Interested in making an impact in the lives of teachers—and students—at TpT? Learn more about their open roles here.
Elastic's Diane Tetrault on What Parenting, Scuba Diving, and Product Marketing Have in Common
As an instructor of other scuba diving instructors, Diane Tetrault knows how to convey life-saving lessons in a way that encourages and supports her students. And as it turns out, that skill is highly transferable to two other key roles in her life: manager and mother.
Diane is the Senior Director of Product Marketing at Elastic and is also a mom of two sons. In the water, at work, and with her family, she’s gotten plenty of practice creating the right environment for other people to learn and enjoy.
“Scuba diving is something lots of people have on their bucket list, where they say, ‘Oh, I wish I could do that, but I’m too afraid.’ But I know lots of people would love it if they tried.”

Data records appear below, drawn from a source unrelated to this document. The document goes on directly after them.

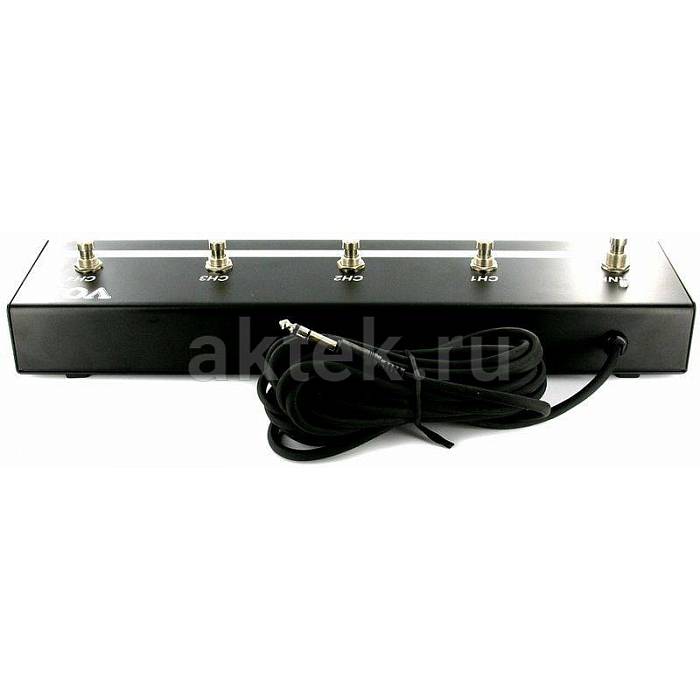 Ножной переключатель VOX VFS5 7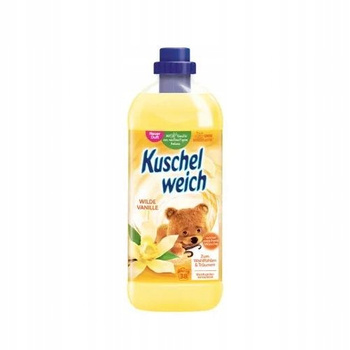 Kuschelweich Dzika Wanilia 1L/38 płukań
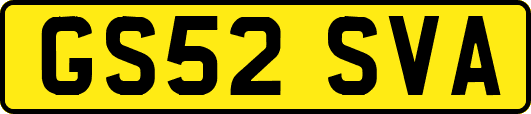 GS52SVA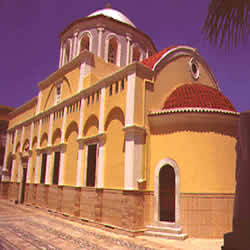 church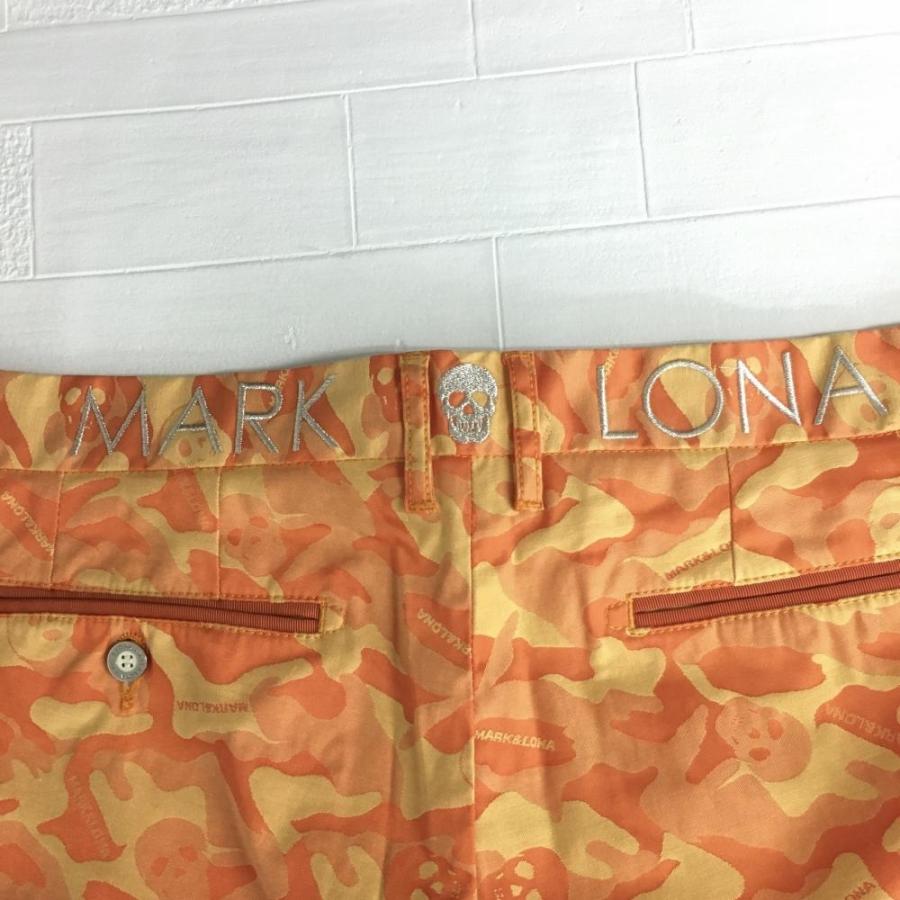 30%OFF価格／(超美品)MARK＆LONA マークアンドロナ ハーフパンツ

Diane’s not one to shy away from new experiences, even when it seems like they’d be hard to work into her packed life. As a working mom, for example, she still makes time to travel and dive, this time bringing her kids along with her and giving them a taste for the adventure that she and her husband so love. Her eldest son, now 8, had visited 11 countries by the time he was 14 months old!
We sat down with Diane to learn more about how she balances her passions, her career, and her family, including how her role at Elastic makes all of that possible.
An Intersection of Interests
“There's probably not a product marketer alive who woke up one day and said, ‘I'm gonna be a product marketer when I grow up,’” says Diane about how she got into her role. “It’s rare that I meet someone who doesn’t have a curvy, wavy road into product marketing—and I think that’s a good thing.”
Her own role looks like this: she got a programming job right after university and immediately realized the heads-down work with little to no human involvement wasn’t for her.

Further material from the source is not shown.